The applicants have not shown for how long they were detained at Police Headquarters, Ikot Akpan Abia. They merely said they were arrested and detained. Once a report or complaint is made to the police, the right shifts to the police who have power under Section 4 of the Police Act to arrest, investigate, interrogate, search and detain a suspect. But whatever action the police takes must be based on facts which are reasonable and justifiable. In this case, the Applicants have not shown otherwise against the 1st Respondent. I find the 1st Respondent not liable.
As regards the 2nd Respondent who set the law in motion against the applicant, I hold that he did not make his complaint to the Commissioner of Police in good faith.”
It then declared and ordered as follows:
“It is ordered that judgment be and is hereby entered in favour of the Applicants as follows:
- I declare that in making a complaint in bad faith to the 1st Respondent against, the Applicants in the circumstances of this case, the 2nd Respondent, Ukpong William John unlawfully caused the violation of the applicant’s rights to personal liberty and freedom of movement guaranteed by the Constitution of the Federal Republic of Nigeria, 1999.
- It is ordered that the said 2nd Respondent shall pay to the applicants a sum of N300,000.00 (Three Hundred Thousand Naira) as compensation for the violation of their fundamental rights.”
The Appellant being aggrieved by the above decision of the High Court, appeal against it, vide a notice of appeal dated and filed on the 8/9/10. The grounds contained on the notice of appeal are the declaration and order made by the High Court above by which it was said to have erred in law. Let me quickly point out here that in the case of ALADE v. OGUNDOKUN (1992) 5 NWLR (239) 42 at 52, it was held that merely quoting or repeating a passage of the judgment appealed against does not comply with the provisions of Order 3, Rule 2(2) (now Order 6 Rule 2(2) and (3) of the CAR, 2011) which require that where an error of law is alleged in a ground of appeal, it shall be clearly and concisely stated without any narrative.

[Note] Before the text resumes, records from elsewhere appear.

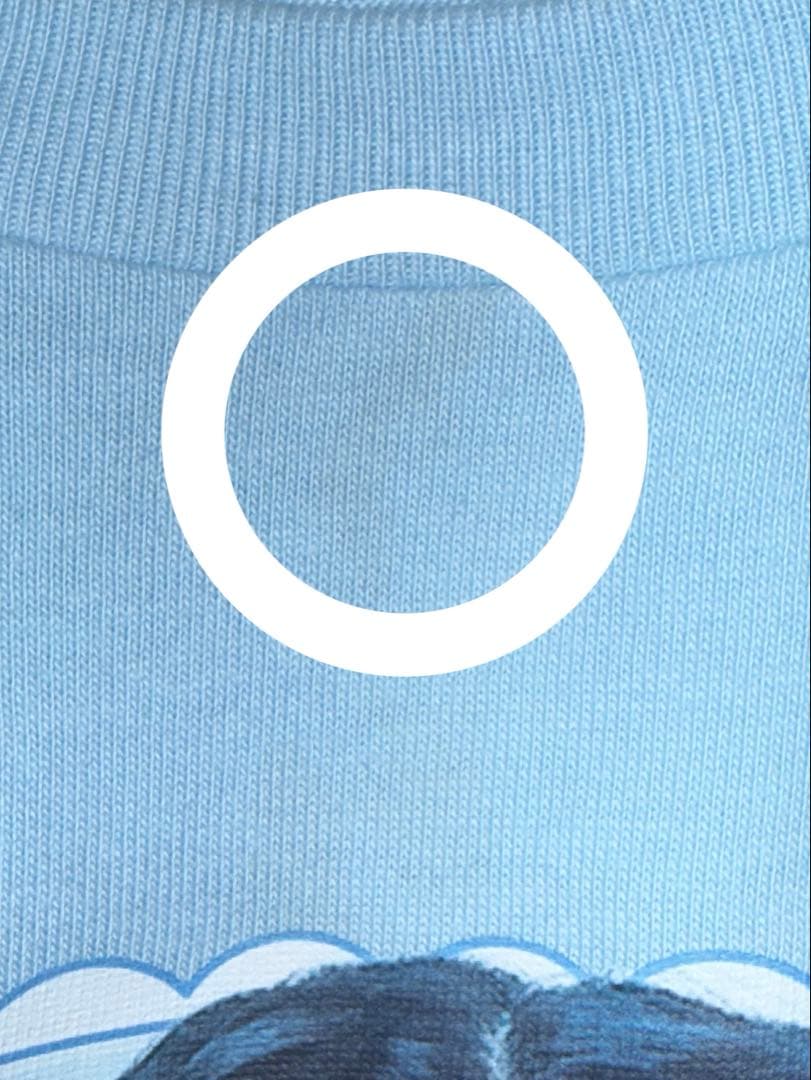 iLiFE! 武道館 ONELiFE！ オンライン 虹羽みに Tシャツ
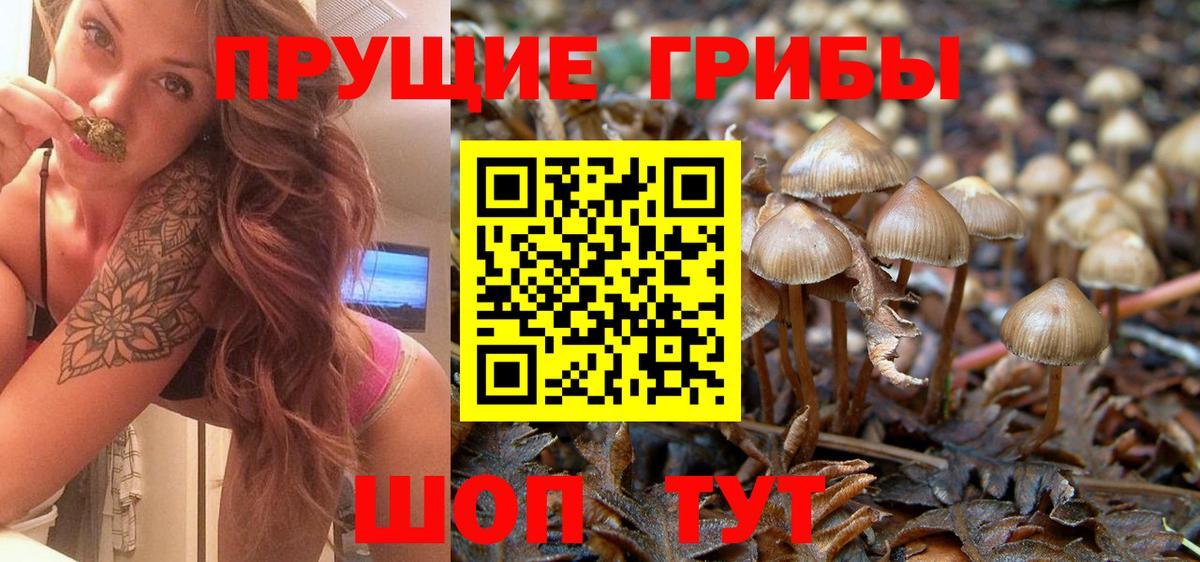Ефремов  Галлюциногенные грибы GOLDEN TEACHER  Галлюциногенные грибы мицелий  где купить   Вход с VPN 
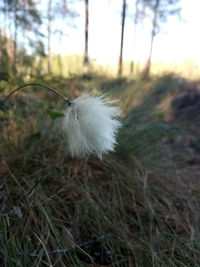 Close-up of dandelion on field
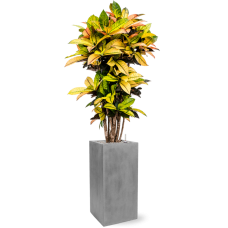 Croton (Codiaeum) variegatum 'Mrs. Iceton' in Fiberstone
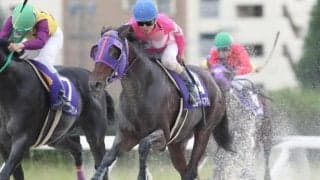 【名古屋・ベイスプリント結果】ナムラマホーホがカツゲキキトキトとの一騎打ちを制す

Undoubtedly, the Appellants’ two (2) grounds of appeal are simply quotation of passages of the High Court judgment in a narrative form which do not concisely and clearly state the error of law alleged thereby. I am inclined to condone the grounds as they are since the Respondents have not given any indication that they do not know or have any doubt about what the complaints are against the decision by the High Court as envisaged by the grounds of the appeal.
Briefs of argument were filed by the learned counsel for the parties to the appeal in line with the practice in the court as follows:
The Appellants’ brief filed on the 6/1/2011 and Respondent’s brief filed on 21/2/2011 but deemed on 12/5/2011. At the oral hearing of the appeal on the 16/10/12, the learned counsel for the Appellant though duly served with the hearing notice was absent from court without any excuse communicated to the court. On application by the learned counsel for the Respondent; Mike Benson Esq., the court, pursuant to the provisions of Order 18 Rule 9(4) of the Court of Appeal Rules, 2011 treated the appeal as having been duly argued by the learned counsel for the Appellant on the aforementioned Appellants’ brief.